Originally published at Literary Review
How to Avoid a Climate Disaster: The Solutions We Have and the Breakthroughs We Need
By Bill Gates
(Knopf / Allen Lane 272pp)
Under a White Sky: The Nature of the Future
By Elizabeth Kolbert
(Crown / The Bodley Head 256pp)
Some readers may question the value of a book on climate change by Bill Gates, who made his fortune in the computer software business. Yet Gates has a long history of philanthropic work and engagement in discussions about the environment, and he has the resources both to gather relevant data and to pick the brains of experts. His book is a highly readable summary of mainstream thinking on ways to prevent the worst. His essential conclusion is that in order to avert climate disaster we need to get to net-zero greenhouse gas emissions by 2050, deploy existing lower-emission forms of energy (like solar and wind power) ‘faster and smarter’, and ‘create and roll out breakthrough technologies that can take us the rest of the way’.
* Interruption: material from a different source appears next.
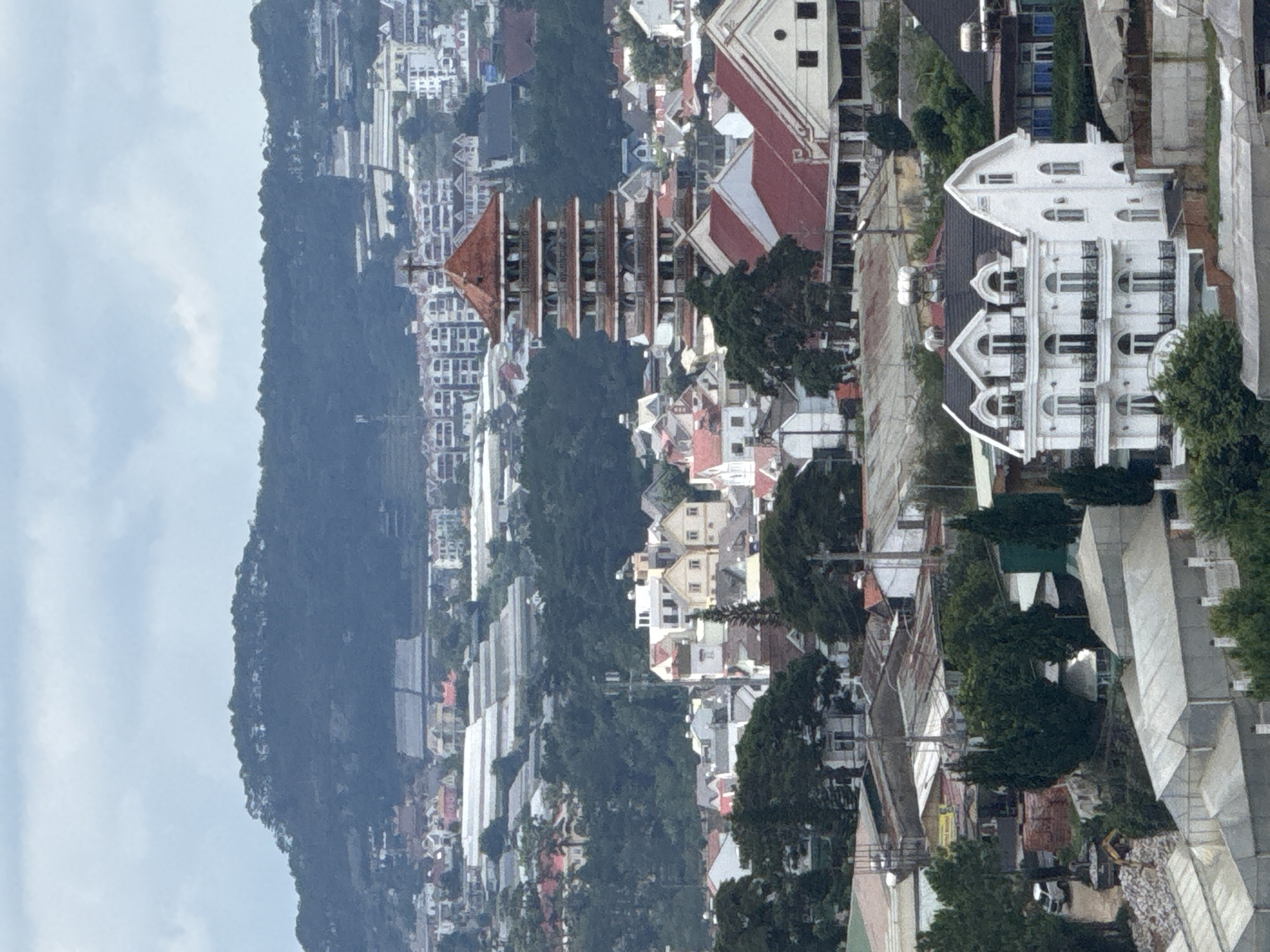 The image captures a panoramic view of Đà Lạt, a city in the Lâm Viên highlands of Vietnam. In the foreground, a cluster of buildings with red tile roofs are visible, interspersed with lush green trees. A distinctive white building with arched windows and balconies stands out among them. Further back, a multi-tiered pagoda-like structure with a red roof dominates the mid-ground. Beyond this, the city sprawls across rolling hills, characterized by a mix of residential buildings, some with white facades and red roofs, and numerous greenhouses with translucent coverings, indicating agricultural activity. The backdrop is a dark, forested mountain range under a cloudy sky. The scene depicts a densely populated urban area integrated with natural landscapes and agricultural infrastructure.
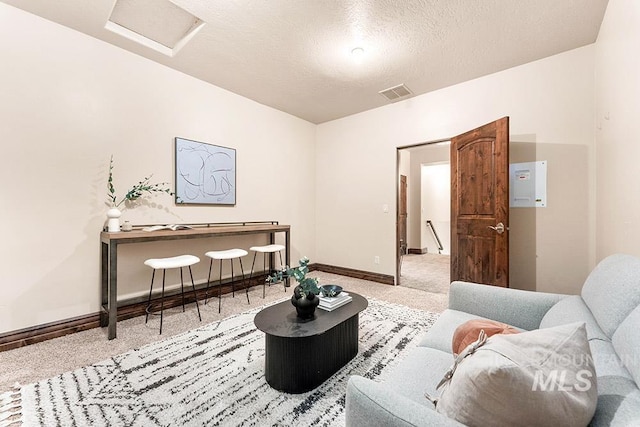 carpeted living area with attic access, baseboards, and a textured ceiling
Emissions can be sorted into two baskets: electricity (which accounts for about a quarter of emissions) and everything else. The burning of fossil fuels accounts for two thirds of all electricity generated worldwide. Even though solar and wind power are getting cheaper by the year, they suffer from intermittency: dealing with diurnal and seasonal fluctuations will be complex, requiring energy storage, redundant generation capacity (i.e., installing far more generators than will be needed on sunny, windy days) and demand management. We will therefore need additional electricity sources. Gates is in favour of nuclear power. ‘It’s the only carbon-free energy source that can deliver power day and night, through every season, almost anywhere on earth’, he writes, while also pointing out how little material it uses in comparison to other sources of energy. Nevertheless he acknowledges that it is expensive and that issues of dealing with radioactive waste remain unresolved. He has invested hundreds of millions of dollars in a company that is creating designs for a next generation of reactors – but these won’t be ready to deploy for many years.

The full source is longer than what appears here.